◆ TASK DESCRIPTION
The task calls for an exact copy of the records, without any images.

Records excerpted from a collection:
################
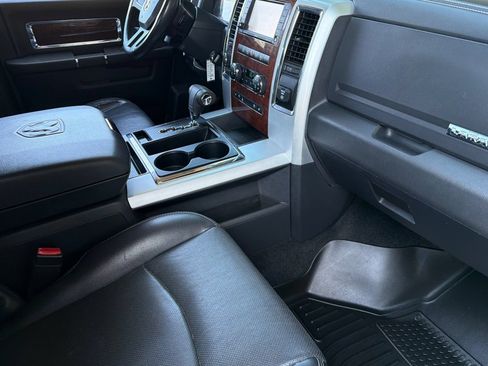 Used 2011 RAM 1500 Laramie AWD/4WD image 17
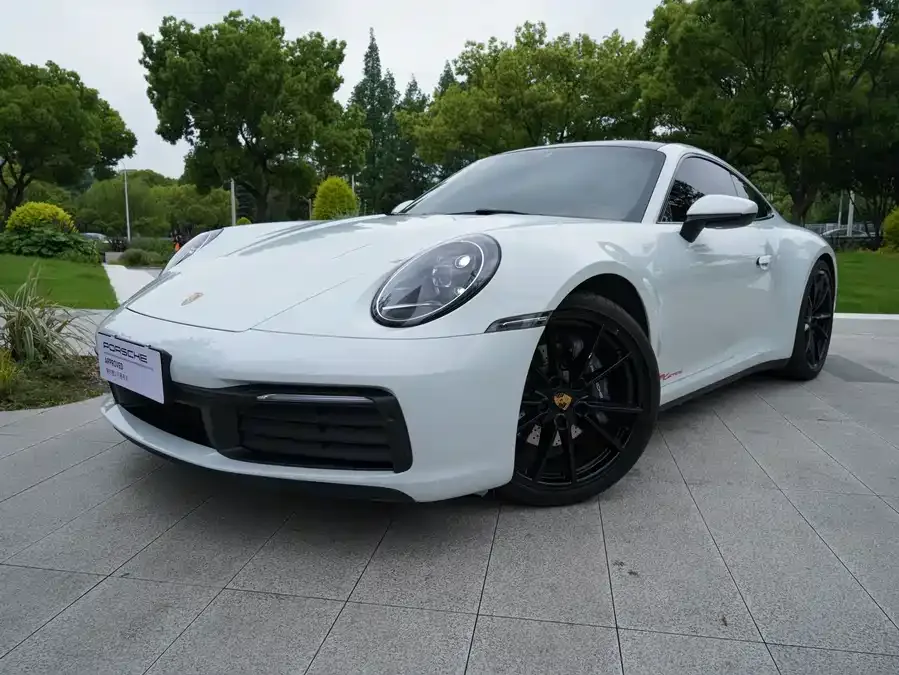 Porsche 911 2024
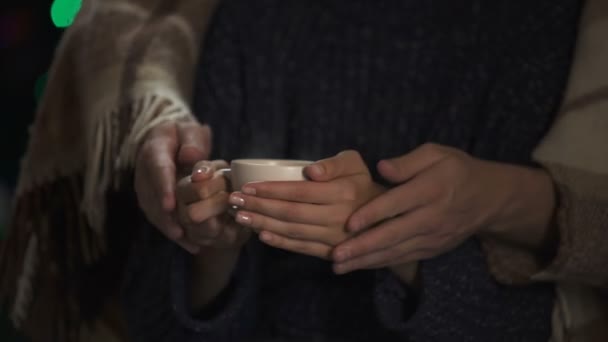 Homem Mãos Ternamente Cupping Senhora Segurando Café Luzes Brilhando Fundo — Vídeo de Stock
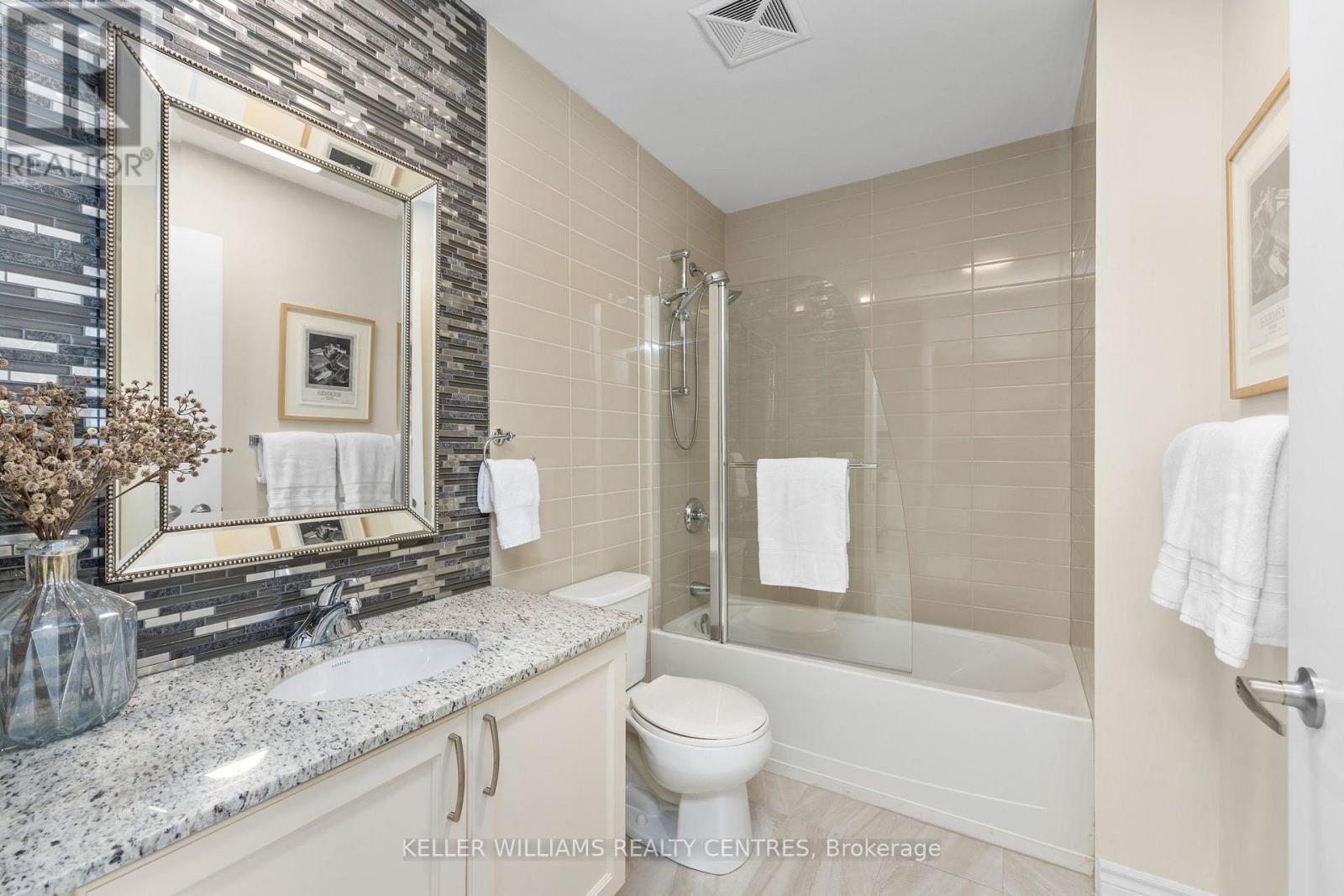 #410 2522 KEELE STREET - 25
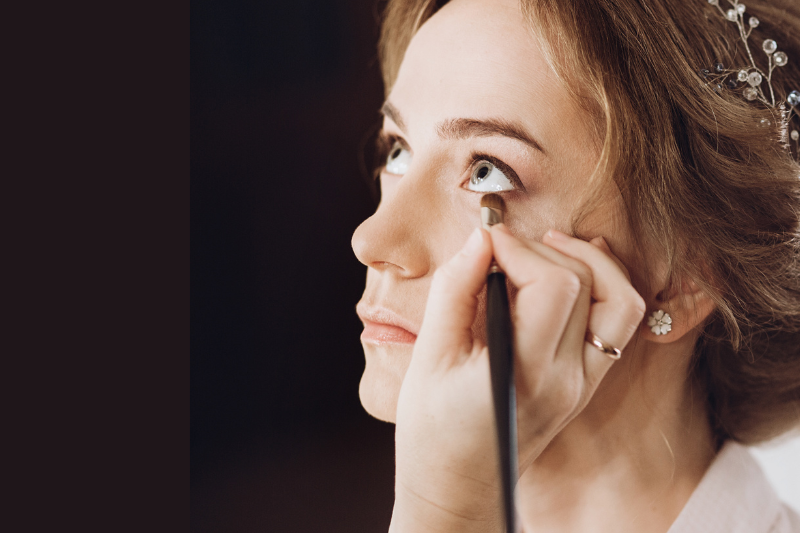 Mujer maquillándose los ojos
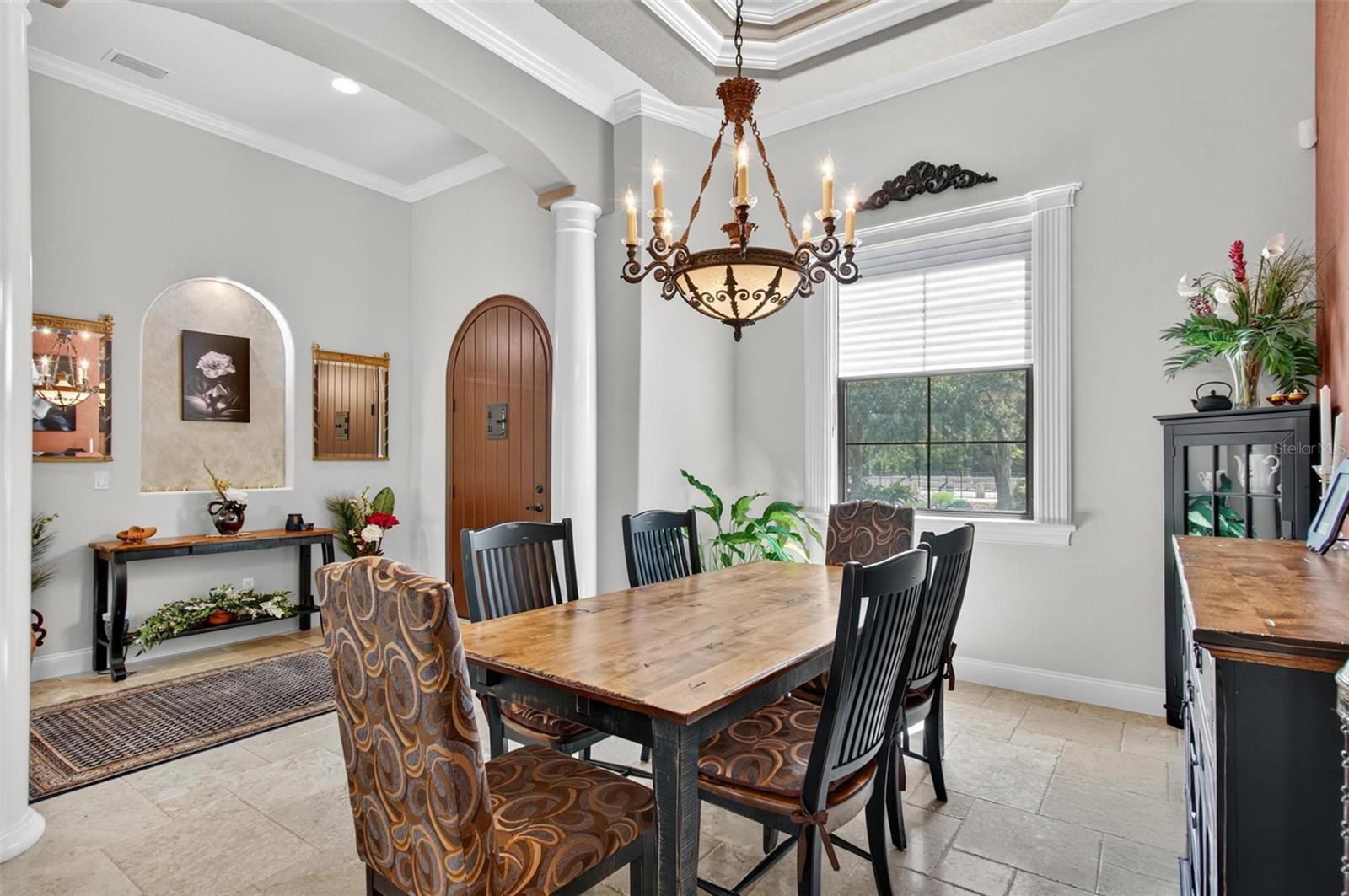 Image 17 of 51 For 202 Willow Oak Way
################
◆ THE COMPLETED TASK
 Used 2011 RAM 1500 Laramie AWD/4WD image 17
 Porsche 911 2024
 Homem Mãos Ternamente Cupping Senhora Segurando Café Luzes Brilhando Fundo — Vídeo de Stock
 #410 2522 KEELE STREET - 25
 Mujer maquillándose los ojos
 Image 17 of 51 For 202 Willow Oak Way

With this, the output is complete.